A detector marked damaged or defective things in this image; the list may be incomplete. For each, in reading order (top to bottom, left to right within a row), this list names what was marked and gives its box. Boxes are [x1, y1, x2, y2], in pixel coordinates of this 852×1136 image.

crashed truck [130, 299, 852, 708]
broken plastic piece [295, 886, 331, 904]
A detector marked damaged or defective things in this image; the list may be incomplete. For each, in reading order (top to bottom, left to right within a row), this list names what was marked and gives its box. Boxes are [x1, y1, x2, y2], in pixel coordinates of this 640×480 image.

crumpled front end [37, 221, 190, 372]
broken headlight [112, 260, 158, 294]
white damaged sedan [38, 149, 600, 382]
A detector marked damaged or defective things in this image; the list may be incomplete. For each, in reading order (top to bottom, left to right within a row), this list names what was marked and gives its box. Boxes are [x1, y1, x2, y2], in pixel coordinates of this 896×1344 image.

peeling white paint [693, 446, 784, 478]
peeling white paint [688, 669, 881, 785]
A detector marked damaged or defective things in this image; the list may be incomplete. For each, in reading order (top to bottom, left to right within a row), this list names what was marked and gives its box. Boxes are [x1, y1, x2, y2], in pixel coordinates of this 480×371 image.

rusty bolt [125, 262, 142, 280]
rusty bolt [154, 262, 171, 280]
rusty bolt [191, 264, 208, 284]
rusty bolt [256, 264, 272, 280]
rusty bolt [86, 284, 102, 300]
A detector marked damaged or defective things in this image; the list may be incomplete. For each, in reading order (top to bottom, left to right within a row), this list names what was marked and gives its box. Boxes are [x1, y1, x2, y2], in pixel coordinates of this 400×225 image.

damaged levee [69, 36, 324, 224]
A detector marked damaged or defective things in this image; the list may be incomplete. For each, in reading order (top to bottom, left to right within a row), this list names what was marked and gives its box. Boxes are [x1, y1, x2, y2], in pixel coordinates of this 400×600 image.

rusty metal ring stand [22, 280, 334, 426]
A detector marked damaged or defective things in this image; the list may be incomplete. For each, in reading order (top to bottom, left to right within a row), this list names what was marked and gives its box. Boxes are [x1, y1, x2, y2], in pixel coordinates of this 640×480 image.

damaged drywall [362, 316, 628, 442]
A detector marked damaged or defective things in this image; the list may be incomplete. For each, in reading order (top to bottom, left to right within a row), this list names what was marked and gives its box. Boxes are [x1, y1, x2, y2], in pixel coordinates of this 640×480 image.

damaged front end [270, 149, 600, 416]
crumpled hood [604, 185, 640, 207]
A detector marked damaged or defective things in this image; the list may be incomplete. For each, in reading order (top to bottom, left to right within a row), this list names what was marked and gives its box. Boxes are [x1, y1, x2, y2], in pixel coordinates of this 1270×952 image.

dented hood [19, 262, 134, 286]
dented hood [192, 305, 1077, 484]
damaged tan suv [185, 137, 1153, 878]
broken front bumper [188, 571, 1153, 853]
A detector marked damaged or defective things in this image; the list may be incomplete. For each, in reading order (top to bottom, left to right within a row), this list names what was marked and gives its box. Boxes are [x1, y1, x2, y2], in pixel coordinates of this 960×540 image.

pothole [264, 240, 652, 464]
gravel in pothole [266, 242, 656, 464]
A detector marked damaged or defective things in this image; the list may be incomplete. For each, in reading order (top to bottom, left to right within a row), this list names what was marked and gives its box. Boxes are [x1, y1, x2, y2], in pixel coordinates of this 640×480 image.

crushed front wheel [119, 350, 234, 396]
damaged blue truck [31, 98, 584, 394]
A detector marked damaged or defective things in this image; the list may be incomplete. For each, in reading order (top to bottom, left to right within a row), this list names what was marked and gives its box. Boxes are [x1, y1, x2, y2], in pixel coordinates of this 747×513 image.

==================================================

#### [EXERCISE OBJECTIVE]
Make an exact copy of each line, beginning at the one containing "this 1270×952 image." and ending with the last line of the data, and of no other line.

#### [TASK OUTPUT]
A detector marked damaged or defective things in this image; the list may be incomplete. For each, in reading order (top to bottom, left to right within a row), this list names what was marked and gives its box. Boxes are [x1, y1, x2, y2], in pixel coordinates of this 1270×952 image.

dented hood [19, 262, 134, 286]
dented hood [192, 305, 1077, 484]
damaged tan suv [185, 137, 1153, 878]
broken front bumper [188, 571, 1153, 853]
A detector marked damaged or defective things in this image; the list may be incomplete. For each, in reading order (top to bottom, left to right within a row), this list names what was marked and gives its box. Boxes are [x1, y1, x2, y2], in pixel coordinates of this 960×540 image.

pothole [264, 240, 652, 464]
gravel in pothole [266, 242, 656, 464]
A detector marked damaged or defective things in this image; the list may be incomplete. For each, in reading order (top to bottom, left to right within a row), this list names what was marked and gives its box. Boxes are [x1, y1, x2, y2], in pixel coordinates of this 640×480 image.

crushed front wheel [119, 350, 234, 396]
damaged blue truck [31, 98, 584, 394]
A detector marked damaged or defective things in this image; the list may be incomplete. For each, in reading order (top to bottom, left to right within a row), this list names what was marked and gives its box. Boxes are [x1, y1, x2, y2], in pixel coordinates of this 747×513 image.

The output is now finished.